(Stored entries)
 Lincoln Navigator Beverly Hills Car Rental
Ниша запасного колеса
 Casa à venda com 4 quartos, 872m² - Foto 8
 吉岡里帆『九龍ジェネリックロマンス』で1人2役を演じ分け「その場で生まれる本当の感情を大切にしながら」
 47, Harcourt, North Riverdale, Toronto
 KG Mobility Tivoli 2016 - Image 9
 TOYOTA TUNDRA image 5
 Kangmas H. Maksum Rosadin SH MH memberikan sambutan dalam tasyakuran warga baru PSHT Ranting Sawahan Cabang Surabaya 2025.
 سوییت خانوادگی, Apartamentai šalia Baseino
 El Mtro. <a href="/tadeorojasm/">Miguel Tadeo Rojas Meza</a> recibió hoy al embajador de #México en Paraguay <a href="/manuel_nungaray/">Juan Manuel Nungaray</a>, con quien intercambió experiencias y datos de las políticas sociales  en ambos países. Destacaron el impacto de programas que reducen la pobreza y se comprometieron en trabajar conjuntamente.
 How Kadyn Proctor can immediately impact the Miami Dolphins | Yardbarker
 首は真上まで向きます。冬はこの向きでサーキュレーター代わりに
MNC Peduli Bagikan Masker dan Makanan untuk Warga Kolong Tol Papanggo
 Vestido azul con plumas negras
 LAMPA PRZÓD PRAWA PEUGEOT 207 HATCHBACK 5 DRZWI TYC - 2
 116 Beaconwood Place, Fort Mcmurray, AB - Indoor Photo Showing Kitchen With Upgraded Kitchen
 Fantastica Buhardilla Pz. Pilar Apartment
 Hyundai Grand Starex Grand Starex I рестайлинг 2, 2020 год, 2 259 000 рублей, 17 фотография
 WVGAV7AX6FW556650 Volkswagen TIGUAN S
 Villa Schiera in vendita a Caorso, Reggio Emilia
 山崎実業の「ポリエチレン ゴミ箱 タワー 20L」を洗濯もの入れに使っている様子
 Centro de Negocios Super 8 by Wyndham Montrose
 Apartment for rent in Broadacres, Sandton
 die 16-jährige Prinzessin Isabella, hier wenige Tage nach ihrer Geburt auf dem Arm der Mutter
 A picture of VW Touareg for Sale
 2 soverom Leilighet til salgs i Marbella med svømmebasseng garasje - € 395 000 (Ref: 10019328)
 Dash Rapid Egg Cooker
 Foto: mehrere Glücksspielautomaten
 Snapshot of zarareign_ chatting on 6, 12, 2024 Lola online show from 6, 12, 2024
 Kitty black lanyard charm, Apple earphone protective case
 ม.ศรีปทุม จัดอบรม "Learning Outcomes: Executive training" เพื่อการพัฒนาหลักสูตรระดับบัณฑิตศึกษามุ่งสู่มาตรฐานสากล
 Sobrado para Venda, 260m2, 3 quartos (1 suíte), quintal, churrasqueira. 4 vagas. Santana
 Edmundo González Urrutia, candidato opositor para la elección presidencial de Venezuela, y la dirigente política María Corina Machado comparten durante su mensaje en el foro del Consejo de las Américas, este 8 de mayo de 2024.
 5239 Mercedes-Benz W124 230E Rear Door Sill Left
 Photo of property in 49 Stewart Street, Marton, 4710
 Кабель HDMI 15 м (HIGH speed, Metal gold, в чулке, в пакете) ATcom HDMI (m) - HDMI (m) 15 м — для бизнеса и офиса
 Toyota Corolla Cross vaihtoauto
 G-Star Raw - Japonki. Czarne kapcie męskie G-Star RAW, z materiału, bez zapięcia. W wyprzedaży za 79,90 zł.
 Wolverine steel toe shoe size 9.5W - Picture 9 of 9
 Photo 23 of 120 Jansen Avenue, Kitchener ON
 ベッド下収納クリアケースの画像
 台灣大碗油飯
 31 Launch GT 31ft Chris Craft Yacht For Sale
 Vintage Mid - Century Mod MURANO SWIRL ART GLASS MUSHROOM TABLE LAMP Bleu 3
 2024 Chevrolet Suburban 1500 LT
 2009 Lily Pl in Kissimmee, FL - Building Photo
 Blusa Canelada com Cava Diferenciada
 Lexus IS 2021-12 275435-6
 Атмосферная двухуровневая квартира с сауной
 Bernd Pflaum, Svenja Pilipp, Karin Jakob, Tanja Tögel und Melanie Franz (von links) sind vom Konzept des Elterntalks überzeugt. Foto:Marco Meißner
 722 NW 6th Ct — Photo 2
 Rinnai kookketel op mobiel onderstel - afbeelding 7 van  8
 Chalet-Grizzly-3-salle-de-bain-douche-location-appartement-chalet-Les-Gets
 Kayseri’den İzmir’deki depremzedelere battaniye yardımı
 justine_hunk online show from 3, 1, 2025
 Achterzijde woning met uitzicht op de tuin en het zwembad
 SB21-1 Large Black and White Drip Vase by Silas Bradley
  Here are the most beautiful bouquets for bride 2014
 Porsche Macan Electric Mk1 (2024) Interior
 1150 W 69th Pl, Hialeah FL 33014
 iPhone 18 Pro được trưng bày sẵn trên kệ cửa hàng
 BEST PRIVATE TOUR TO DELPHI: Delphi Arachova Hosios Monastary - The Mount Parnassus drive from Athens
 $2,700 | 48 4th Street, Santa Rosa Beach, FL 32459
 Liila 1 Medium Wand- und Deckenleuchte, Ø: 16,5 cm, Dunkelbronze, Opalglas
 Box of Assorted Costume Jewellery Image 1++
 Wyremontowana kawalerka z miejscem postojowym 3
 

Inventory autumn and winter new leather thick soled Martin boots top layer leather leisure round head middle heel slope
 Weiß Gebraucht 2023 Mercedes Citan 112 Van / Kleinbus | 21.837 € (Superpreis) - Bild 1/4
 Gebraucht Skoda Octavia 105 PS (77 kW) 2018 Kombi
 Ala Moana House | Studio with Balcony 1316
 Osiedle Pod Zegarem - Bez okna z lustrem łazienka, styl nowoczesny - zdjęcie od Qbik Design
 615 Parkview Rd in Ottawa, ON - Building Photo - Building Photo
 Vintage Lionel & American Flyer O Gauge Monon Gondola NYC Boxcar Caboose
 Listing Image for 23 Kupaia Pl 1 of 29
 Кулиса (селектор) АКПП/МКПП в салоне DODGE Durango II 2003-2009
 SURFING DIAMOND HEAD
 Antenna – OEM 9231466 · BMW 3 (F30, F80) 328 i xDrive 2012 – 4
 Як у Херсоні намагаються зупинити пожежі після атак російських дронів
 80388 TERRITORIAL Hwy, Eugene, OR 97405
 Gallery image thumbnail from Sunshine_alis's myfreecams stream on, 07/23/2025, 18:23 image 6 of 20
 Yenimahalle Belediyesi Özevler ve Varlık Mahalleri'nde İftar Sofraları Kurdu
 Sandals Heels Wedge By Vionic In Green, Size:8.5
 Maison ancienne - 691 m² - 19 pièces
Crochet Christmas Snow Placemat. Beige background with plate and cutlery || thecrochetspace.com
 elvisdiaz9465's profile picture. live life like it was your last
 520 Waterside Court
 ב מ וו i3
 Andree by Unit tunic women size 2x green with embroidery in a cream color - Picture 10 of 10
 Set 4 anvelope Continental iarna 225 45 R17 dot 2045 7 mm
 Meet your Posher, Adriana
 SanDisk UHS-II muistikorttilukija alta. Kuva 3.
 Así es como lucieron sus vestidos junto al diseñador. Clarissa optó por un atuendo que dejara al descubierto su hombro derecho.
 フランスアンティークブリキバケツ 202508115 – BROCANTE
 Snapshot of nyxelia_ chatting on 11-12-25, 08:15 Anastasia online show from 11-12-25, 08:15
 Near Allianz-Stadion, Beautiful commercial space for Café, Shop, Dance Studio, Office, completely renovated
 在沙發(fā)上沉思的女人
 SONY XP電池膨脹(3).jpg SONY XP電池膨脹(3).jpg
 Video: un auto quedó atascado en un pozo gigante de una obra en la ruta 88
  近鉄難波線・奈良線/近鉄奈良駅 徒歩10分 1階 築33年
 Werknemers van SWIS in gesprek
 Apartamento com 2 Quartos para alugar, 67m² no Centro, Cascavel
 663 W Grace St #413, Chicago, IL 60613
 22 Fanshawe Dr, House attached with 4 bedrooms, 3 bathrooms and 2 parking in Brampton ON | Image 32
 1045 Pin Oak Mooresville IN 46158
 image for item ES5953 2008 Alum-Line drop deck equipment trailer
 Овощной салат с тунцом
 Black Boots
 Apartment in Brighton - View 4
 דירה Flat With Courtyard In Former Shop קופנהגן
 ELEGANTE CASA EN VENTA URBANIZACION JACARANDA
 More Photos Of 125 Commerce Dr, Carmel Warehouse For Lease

### [WORK TASK]
How many of the lines in the records include the word "online"? Only the number should be given.

### [SOLUTION TO THIS PROBLEM]
3